We're abandoning the GGTF on Wikipedia? Fair enough.

It was just that I had an editor accused me of radical feminism POV pushing on GGTF via my talk page (I dared to say that it was "interesting" that the example topics that he thought women would be interested in editing, other than feminism, might be "fashion, cookery, domestic affairs and childrearing" rather than "science, business, filmmaking or politics"). There was then this follow-on swipe on GGTF.

> "...one of the reasonable first steps toward seeing what women in wikipedia thinks needs to be done most would be to actively ask women who have self-identified as women what content of particular interest to women might be underrepresented or undercovered here. Those women would presumably be in a better position to clearly state their concerns than would be individuals who can only speculate on them or draw potentially flawed assumptions based on limited previous personal experience."

So, my potentially flawed assumptions and limited previous personal experience are surplus to requirements at the GGTF. The plan now seems to go out and find answers that fit a pre-existing narrative about what is causing the Gender Gap.

So...  "I believe the Gender Gap is caused by women who want to write about knitting thinking that Wikipedia does not welcome articles about knitting." I will create a skewed survey to fit this narrative and get the "right kind of women" to fill it in and prove my pre-conceived notions correct.

I really don't see the point of it. If you ask 1,000 female editors, "What kind of articles do you like to edit?", then you'll get 1,000 answers with a wide variety of topics. What would that prove? Suppose you find 90% of them edit traditionally feminine topics, what conclusion would you draw from it? Would it prove that they clearly prefer to edit those topics, or those are the topics that they feel less likely to encounter intimidation, or a combination of the two? I just think the GGTF board is currently being used to promote a truly pointless exercise.

Marie


Date: Tue, 30 Dec 2014 07:56:24 -0800
From: sarah.stierch@gmail.com
To: gendergap@lists.wikimedia.org
Subject: Re: [Gendergap] GGTF talk page

That's what I have been doing. That's what Adrianne and I practice(d) and it's worked well so far.
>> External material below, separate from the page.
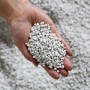 Nahaufnahme: Hand hält graues Stein- und Recycling-Kunststoff-Granulat für Ecopots Pflanztöpfe.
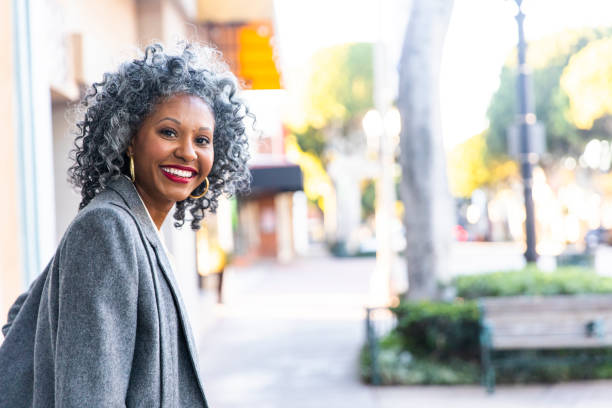 istock A Carefree Black Woman Looking Back Over her Shoulder 1124226540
Now it's a global movement devoid of the drama that happens here. I am proud of that.

Sarah

On Dec 30, 2014 5:30 AM, "Tim Davenport" <shoehutch@gmail.com> wrote:
Ms. Stierch's comments are exactly on target.

Do the GGTF-type organizing off wiki, not on-wiki. That's not the place for it.

Start your own message board akin to Wikipediocracy. Organize (and vent) there.

Use Facebook, etc.

Concentrate on developing new feminist editors, helping them through the steep learning curve, with an emphasis on content, content, content. Nobody is going to have a problem with that.


Tim Davenport
Carrite on WP /// Randy from Boise on WPO
Corvallis, OR



====

Date: Mon, 29 Dec 2014 14:25:33 -0800
From: Sarah Stierch <sarah.stierch@gmail.com>

My tips are:

1) No talk pages if I can avoid it
2) Other channels (sorry people, but not all revolutions can take place in
front of everyone)
3) Social media

I get more value asking for help on Twitter and Facebook than I do on any
other medium.

ANd that's why the WikiWomen's Collaborative was created - social media
brings more females (since we use it more than males!).